A bimetallic 2D NiFe MOF/N-doped reduced graphene oxide as a bifunctional oxygen catalyst for rechargeable zinc-air batteries

The development of cost-effective, highly efficient, and stable bifunctional catalysts to replace precious metal-based electrocatalysts is essential for practical applications of rechargeable zinc-air batteries. In this work, two-dimensional bimetallic NiFe metal organic framework/nitrogen-doped reduced graphene oxide (2D NiFe MOF/N-rGO) was developed through a simple two-stage hydrothermal method.
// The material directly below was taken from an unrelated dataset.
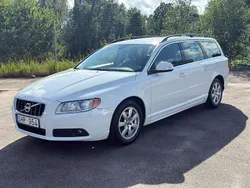Vit Begagnad 2011 Volvo V70 Momentum Kombi | 64 000 kr (Bra pris)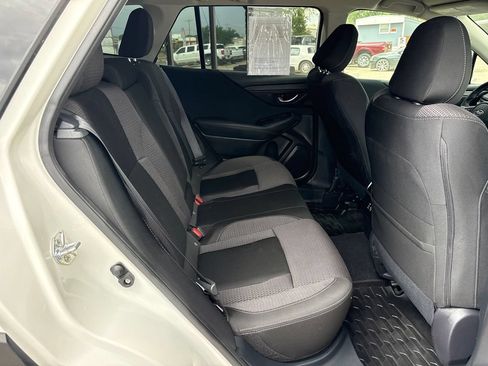 Used 2025 Subaru Outback Premium AWD/4WD image 17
The uniformly distributed and closely packed 2D NiFe MOF nanosheets not only increase the specific surface area of the material but also provide abundant active sites for electrocatalytic reactions. The 2D NiFe MOF/N-rGO hybrid material exhibits a high bifunctional oxygen electrocatalytic activities (ΔE = 0.68 V) with a half-wave potential (E_1/2) of 0.8 V (vs. RHE) for oxygen reduction reaction (ORR) and an overpotential of 250 mV at 10 mA cm⁻² (η₁₀) for oxygen evolution reaction (OER), superior to the state-of-the-art Pt/C and RuO₂ catalysts. Moreover, a rechargeable zinc-air battery with NiFe MOF/N-rGO as a cathode catalyst delivers a peak power density of 146.8 mW cm⁻² and enhanced cycling stability, demonstrating its potential as a bifunctional catalyst with non-noble metal for metal-air batteries.